# Hindi, Urdu: at market: do u have eggs?



## abo salim

I go to a market and I ask the salesman: do u have eggs? / are there any eggs here?
what is the common way to express that in Hindi?
my guesses:
kuch anDe he?
anDe milte he?
aap ke paas anDe he?

regards


----------



## Qureshpor

Urdu:

(kyaa) aap ke paas anDe haiN?


----------



## littlepond

Hindi: (kyaa) aapke paas (kuchh) anDe haiN?

"Do you keep eggs?" would be "Kyaa aap anDe rakhte haiN?"


----------



## nizamuddin

mujhay kuch anDe chahiye ... kia aap kay pass mil saktay hain.


----------



## abo salim

Thank u all. Bahut shukriya


----------



## marrish

littlepond said:


> Hindi: (kyaa) aapke paas (kuchh) anDe haiN?
> 
> *"Do you keep eggs?" would be "Kyaa aap anDe rakhte haiN?*"


yah vaakya mujhe jaisaa ki Hindi meN kahte haiN thoRaa "aTpaTaa saa" lagtaa hai. dukaan par yaa maNDii meN maiN to yuuN kah saktaa huuN: aap ke paas anDe hote haiN? aap ke paas anDe hu'aa karte haiN? aap anDe bhii bechaa karte haiN? aap ke paas (se) anDe milte haiN/milaa karte haiN? One could say "kyaa aap anDe (bhii) dete haiN" but it would be funnier than "rakhte haiN"


----------



## Kahaani

Would aapko anDe haiN also be possible? I have many doubts about this construction.

Thank you,


----------



## littlepond

^ It is only possible if you were talking to a hen and asking her: "do you have eggs (children)?"


----------



## Qureshpor

littlepond said:


> ^ It is only possible if you were talking to a hen and asking her: "do you have eggs (children)?"

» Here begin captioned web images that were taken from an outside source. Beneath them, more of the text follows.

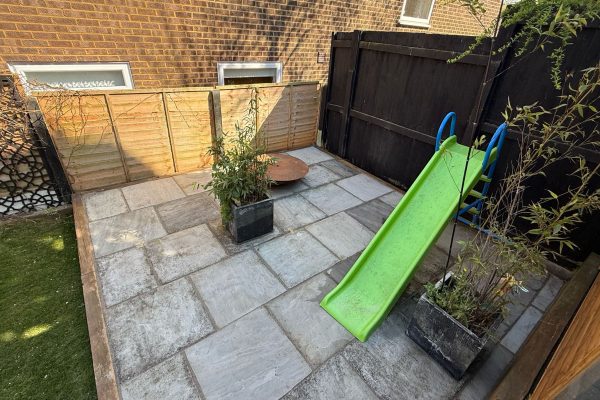 garden patio laid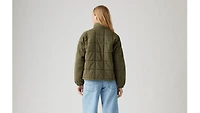 Box Quilted Cotton Jacket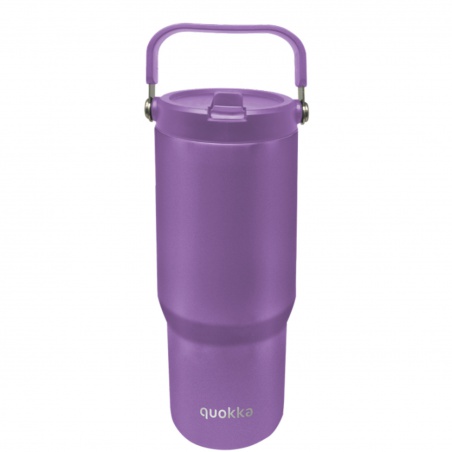 Nerezový termopohár Quokka Core Amethyst Purple o objemu 860 ml je praktickým společníkem na každodenní cesty, do práce i na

Would n't then one say, "aap *ke* anDe haiN?"


----------



## littlepond

^ That can also mean "are these your eggs?" (by way of proprietorship). Why to have ambiguity when a non-ambigous perfectly fine construction is there? "Aap ko bachche (anDe) haiN?" means that "have you got children (eggs)?"


----------



## Qureshpor

littlepond said:


> ^ That can also mean "are these your eggs?" (by way of proprietorship). Why to have ambiguity when a non-ambigous perfectly fine construction is there? "Aap ko bachche (anDe) haiN?" means that "have you got children (eggs)?"

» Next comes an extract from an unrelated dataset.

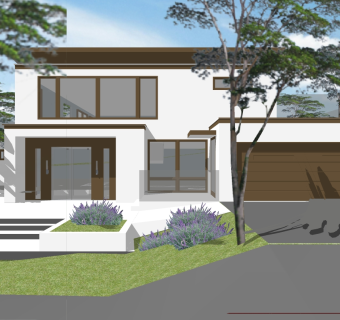 现代简约别墅草图大师模型，别墅sketchup模型下载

I am not convinced that this is a "perfectly fine construction". 

According to you "aap ko anDe haiN" means "Do you have eggs/Have you got eggs?". I have n't come across such construction. Perhaps others will participate to offer their views.


----------



## littlepond

^ Since it is rare to find a human being talking to a hen, of course you wouldn't come across _this _construction. You should open a new thread with the phrase "Aap ko *bachche *haiN?" as the subject, since talking about that in this thread would be off topic.


----------



## tonyspeed

Qureshpor said:


> I am not convinced that this is a "perfectly fine construction".
> 
> According to you "aap ko anDe haiN" means "Do you have eggs/Have you got eggs?". I have n't come across such construction. Perhaps others will participate to offer their views.

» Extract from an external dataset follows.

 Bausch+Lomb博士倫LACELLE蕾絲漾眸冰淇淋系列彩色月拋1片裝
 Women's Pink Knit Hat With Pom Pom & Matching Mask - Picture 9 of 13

While leaving room for dialectal variation, I will say that if one changes haiN to hue then it becomes more acceptable doesn't it?

_aap ko bachche hue_


----------



## littlepond

^ That would be the act of delivery: not the state of having children.


----------



## littlepond

In addition, there is a difference of nuance between "inke chaar bachche haiN" and "inko chaar bachche haiN". It seems that Qureshpor jii is familiar with only the first construction.


----------



## gagun

aap ko bachcheiN hain(having children) is different from aap ko bachcheiN huey(giving birth)


----------



## tonyspeed

gagun said:


> aap ko bachcheiN hain(having children) is different from aap ko bachcheiN huey(giving birth)



It is technically still _honaa_.


----------



## marrish

tonyspeed said:


> While leaving room for dialectal variation, I will say that if one changes haiN to hue then it becomes more acceptable doesn't it?
> 
> *aap ko bachche hue*


Yes, I think it is becoming more acceptable in this way. Good reasoning in my opinion.


----------



## littlepond

tonyspeed said:


> It is technically still _honaa_.



But not sense-wise. And both sentences are completely acceptable.


----------